You'd also want someone like my Grampa on your team. During a visit one day when I was 14, he rebounded a basketball for me...with a bad rotator cuff which made it hard to raise his arm. He could still make bounce passes. I prefer both men's best traits to athletic genes, with the pressure to perform so that your worth is only based on athletic success. All it ever was is a shared activity.
It was obvious that my old man was on borrowed time. At a time when I felt extreme alienation, I could ask him almost any question and receive a good answer. He was interested in many subjects and understood people in addition to book smarts. There's a reason I hung out in his jacket pocket when I had free days. I tagged along when he was around his friends. I learned more from them than I learned in school many days. Many fathers of autistic kids wonder how to reach them. Unless those dads are also part of my club and understand their kid's quirks. Because he was retired, I had extra time to pick his brain. Having said that, I have a few suggestions based on opinions and actions I've witnessed over the past few years.
Many fathers will experience sticker shock when they see the full suite of services that their kid(s) are recommended for. Dads have been conditioned to be the breadwinners for their families over countless eras. Autism is confusing. Even I don't know what it is. I don't know what expectations you or your kids have. All I know is there's only two purposes to raise kids: Learn to fend for yourself, and try not to break under stress and trauma. How is it possible to show that kids are taking one step at a time to stand on their own? Anyone who knows the first thing about budgeting with their time and money understands how to operate under all kinds of constraints. This can't afford to turn into a boondoggle when you're talking about any kid's quality of life. Learning how to do more with less is a large reason how I'm able to approach you today.
Do not micromanage. Any kid must learn about failure and backup plans. Also, talk through both yours and their own thought processes when making decisions. Many parents want to protect their child from every possible problem. From personal experience, overprotecting them can easily put a straitjacket on your child. Those of us who learned from our mistakes without feeling too weighed down have the greatest teachers.
Having many interests helps. Your kid will lock onto things. It's unpredictable. They will know more and more about less and less.

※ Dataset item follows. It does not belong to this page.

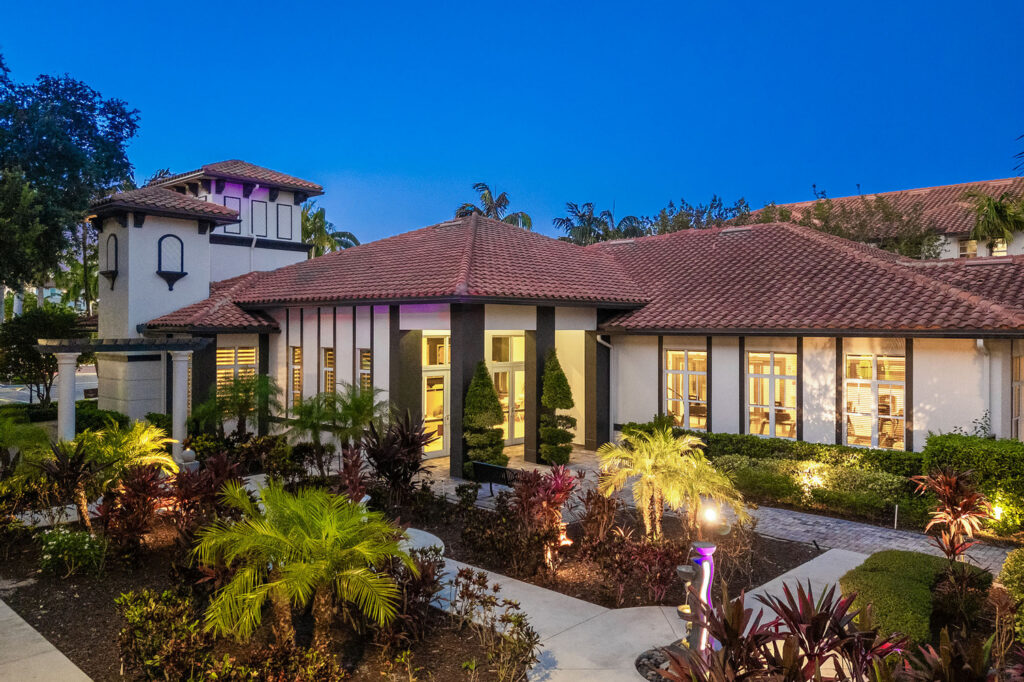 A modern Mediterranean-style building with red-tiled roof, large windows, and lush landscaping, illuminated by outdoor lights at dusk. Palm trees and tropical plants line the walkway in the foreground.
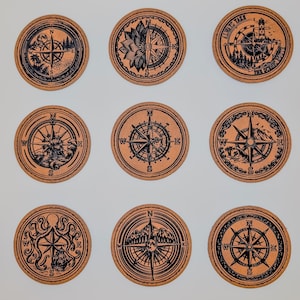 May include: Nine round coasters with compass designs. Each coaster features a different black compass rose illustration on a brown background. Some designs include nautical elements like ships, lighthouses, and mountains. The coasters are arranged in a grid.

If your child possesses tons of specialized knowledge, they might need someone to sit them down and ask questions about what they are ignoring or missing. They are already inquisitive. Someone's got to direct their curiosity. Most times, home is the best place for this.

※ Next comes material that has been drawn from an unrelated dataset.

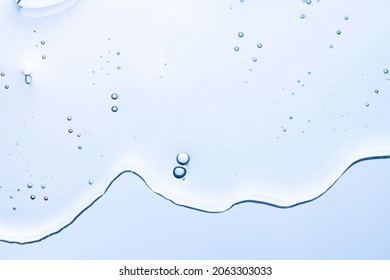 Cream gel gray blue transparent cosmetic sample texture and bubbles isolated white background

Our world has become more and more reliant on electronic screens to teach and to entertain everyone. Entertainment is one thing, but I never got invested in what celebrities are doing, and treating them as role models, following and fawning over their every step. I always knew it's just entertainment when I watched Braves baseball, football, other sports, and movies since childhood.
I personally knew my role models growing up. They led by example. Anyone who can say that hit the jackpot. For this, a simple thank you isn't enough. Now go play catch or do something else awesome together. I wish I could with my dad.
It just so happens I agree with Charles Barkley here. Role models are found at home and among pillars of the community.